Sunday, January 9, 2011

Chapter 3.2

Chapter 3.2:  it's time to put your big girl pants on and step up

I was in trouble.  I just got the biggest news I would ever receive... I was going to have a baby.  This reality brought a swell of thoughts, fears, decisions...  Although I instantly knew what the decision would be.  I would be a mother.  

As liberal as I am in letting others make choices regarding this difficult decision - there was never a choice for me.  I made the decisions that led to this, I was going to take responsibility for that choice.

My boyfriend was thrilled, and so was his family.  My family was, well, the opposite.  

I was just a scared kid, but I knew what I had to do and that was -  grow up.  My number one priority now was being the very best I could for that baby.  I didn't want my baby to have the same beginnings that I did or it's dad did.

Now what did this mean for me and chris?  We had been dating for only 3 months.  We didn't even know each other - let alone know ourselves.  

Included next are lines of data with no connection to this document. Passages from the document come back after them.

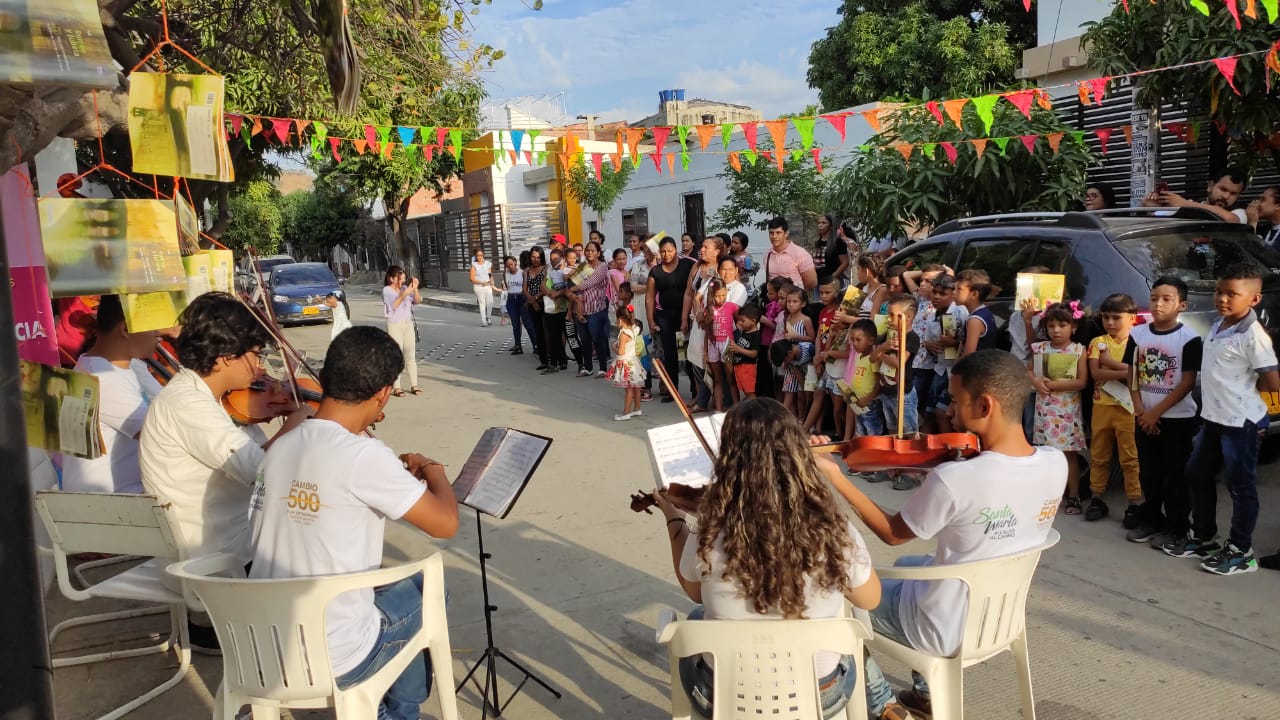 A 30 barrios de la ciudad, la EFAC llevó Galerías Callejeras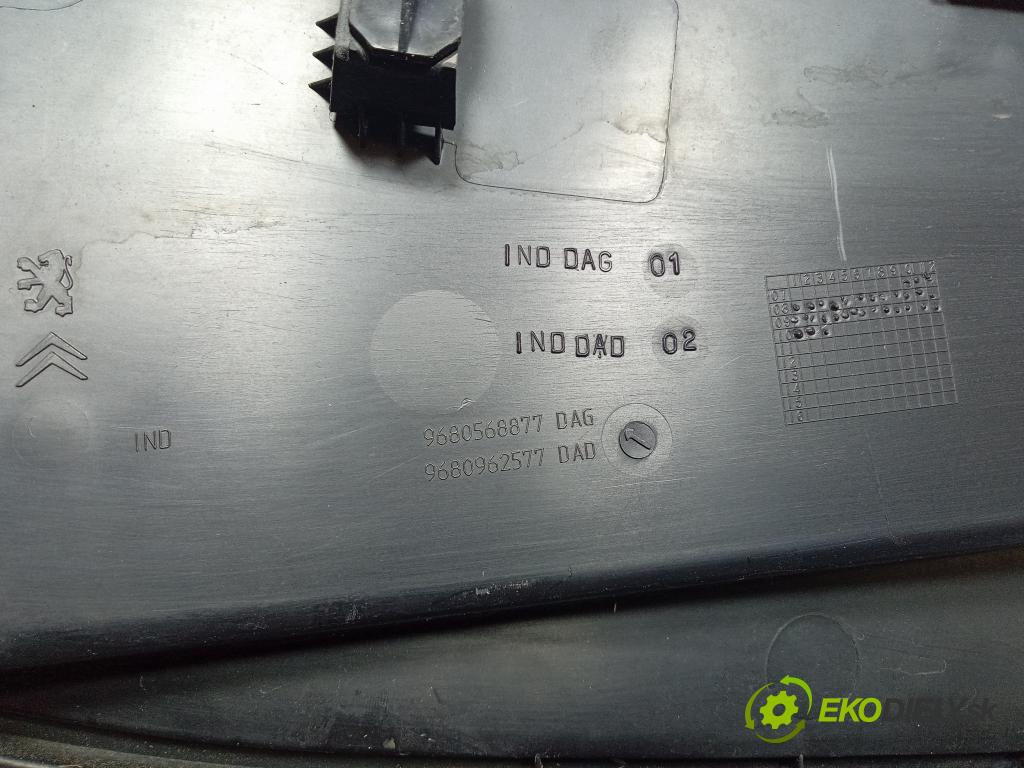 Citroen Berlingo 2010 torpédo 9680568877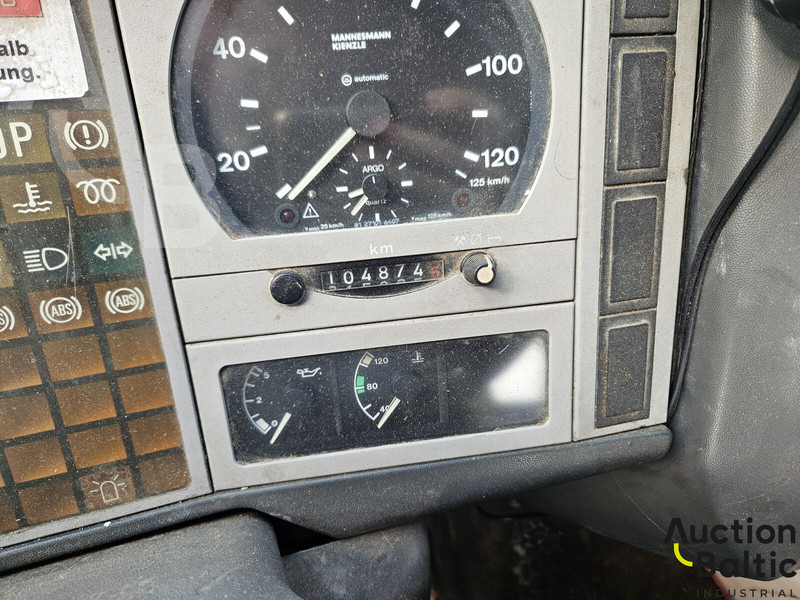 MAN 8.103 - Caminhão com plataforma aérea: foto 5 MAN 8.103 - Caminhão com plataforma aérea: foto 5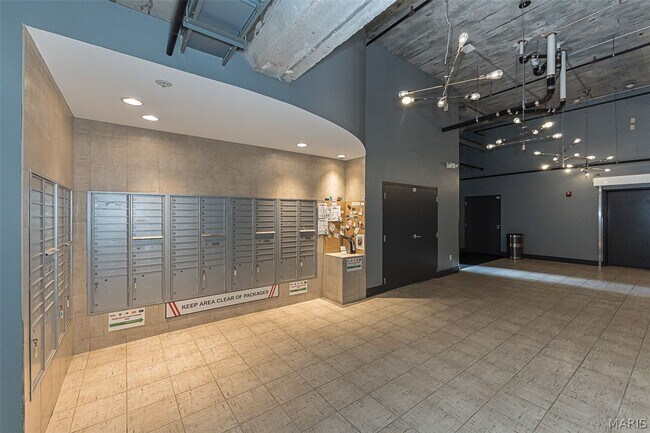 Building Photo - 4100 Forest Park Ave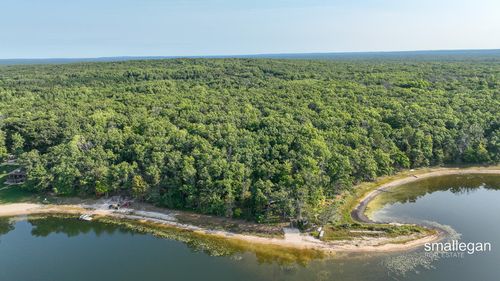 18 W Sandy Beach Ln, Bitely, MI, 49309 | Card Image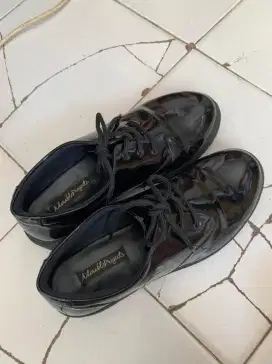 Sepatu adorable dock mark UK 41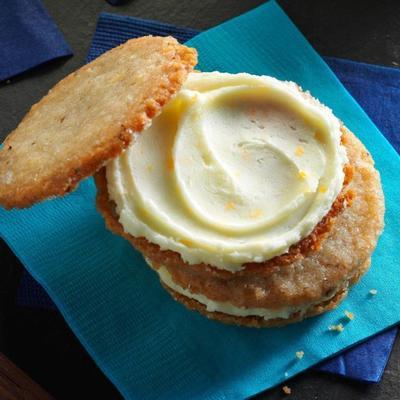 Walnut sandwich cookies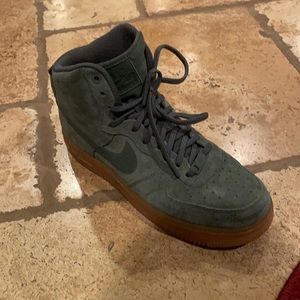 Nike Air Force 1 olive green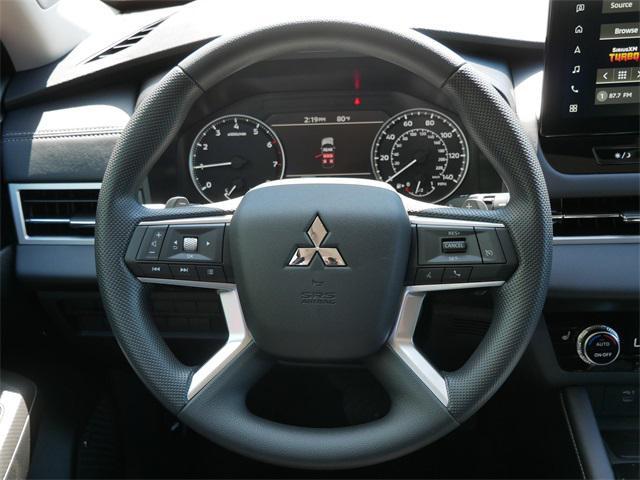 new 2025 Mitsubishi Outlander car, priced at $31,899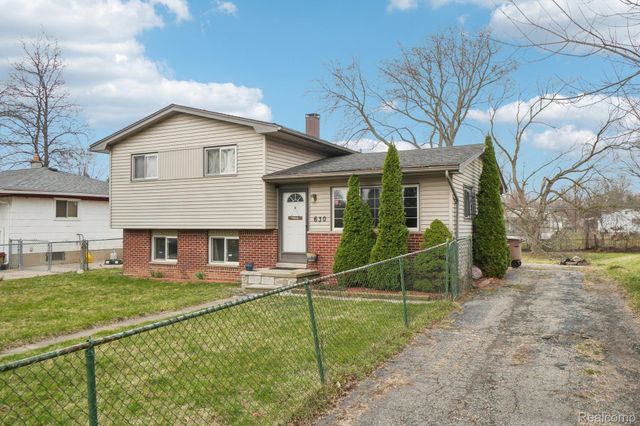 630 Peacock Avenue, Pontiac, MI 48340
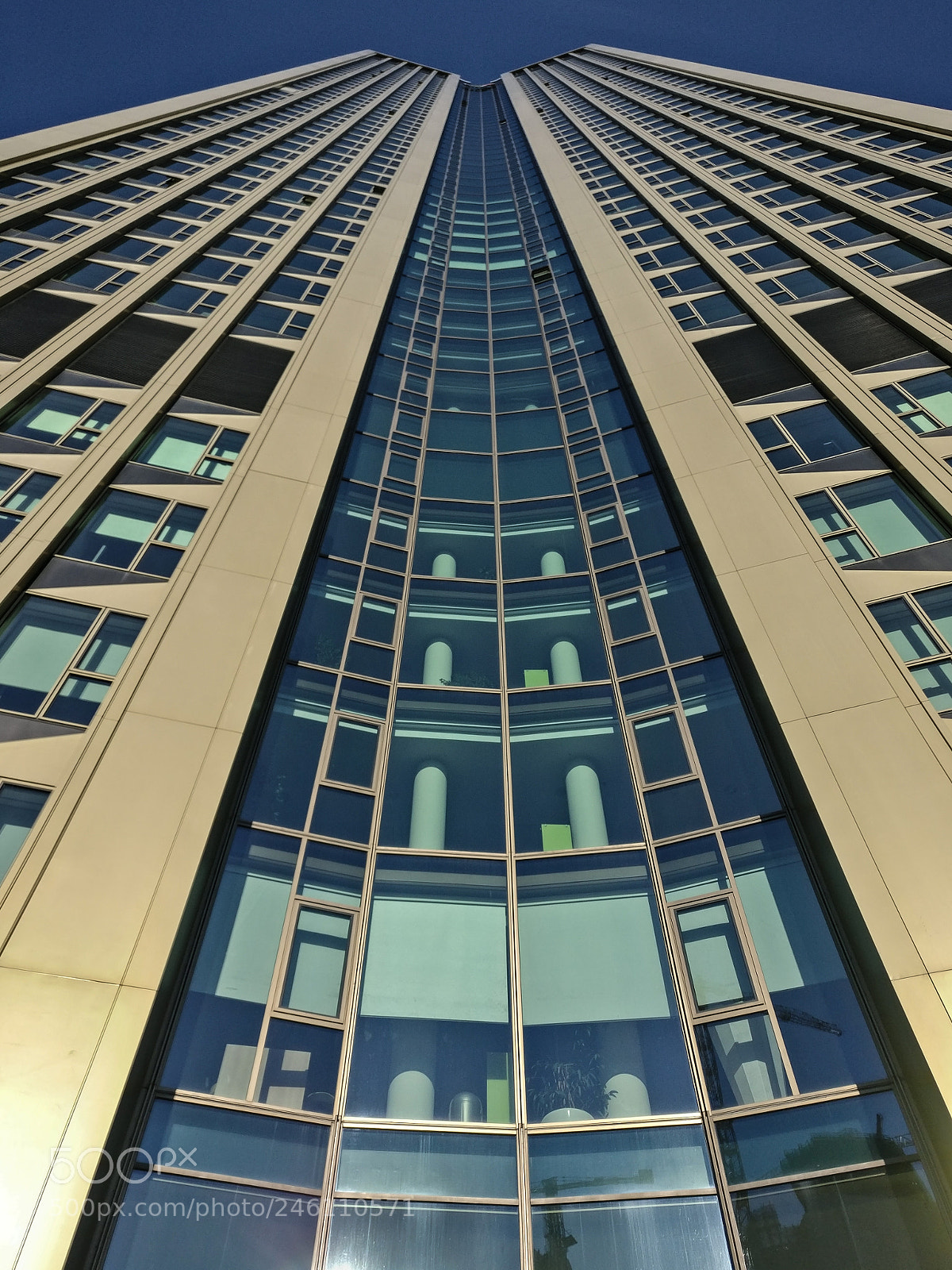 OnePlus A3003 sample photo. Frankfurt: tower 185 photography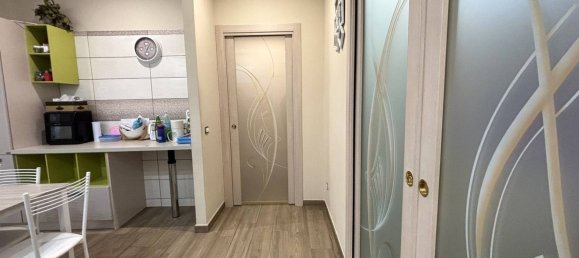 3 rooms Apartment in Avellino, Italy No. 303591 12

Just two years before I had been leading in cell group (bible study) as a 16 year old that was committed to the Lord and His promises.  I was going to do things the right way.  The name "Rachel" in Hebrew means - ewe and mother.  I was asked to teach a lesson in my bible study about God as our Shepherd and how we were His sheep.  And just like the shepherd will leave his herd to go after the one missing sheep - God will seek us out when we are lost if we call on Him.

I remembered this a few days after I found out.  I was a child of God, regardless if I lost my way and left the herd for a while.

I remember sitting in my bath tub, crying, and I called out to the Lord out loud - "God, help me.  I've messed up.  I don't know what to do.  I don't know how to tell my mom.  I don't want to give up on my dreams.  I want to be a good mom.  I want to know You again.  I want to do Your will.  I need strength and courage."

As my tears rolled down my cheeks and into the water I remember feeling... Just feeling.  For so much of my life I was told not to feel, not to dwell in things, but to put on my big girl pants, to suck it up, and move on.  I never knew what it was like to process emotions or to learn how to feel.  I just knew how to keep emotions buried, and walls built up.  

As I sit there in one of the scariest, loneliest times, a wave of peace melted over me.  When I called out for Him, He answered.  I was going to be okay.  In that moment, I remembered the prayer I asked for as a little kid over and over again throughout the years- I had wanted a baby and marriage by age 19.  Was this a self-fulfilling prophecy?  This wasn't the way I had planned that prayer.  

When you ask God to give you, your will, and not His will be prepared to understand that may mean serious challenge and struggle.  

God was going to take care of me, even if I had made a mess of doing it my way for too long.  I just had to fix my eyes on Him.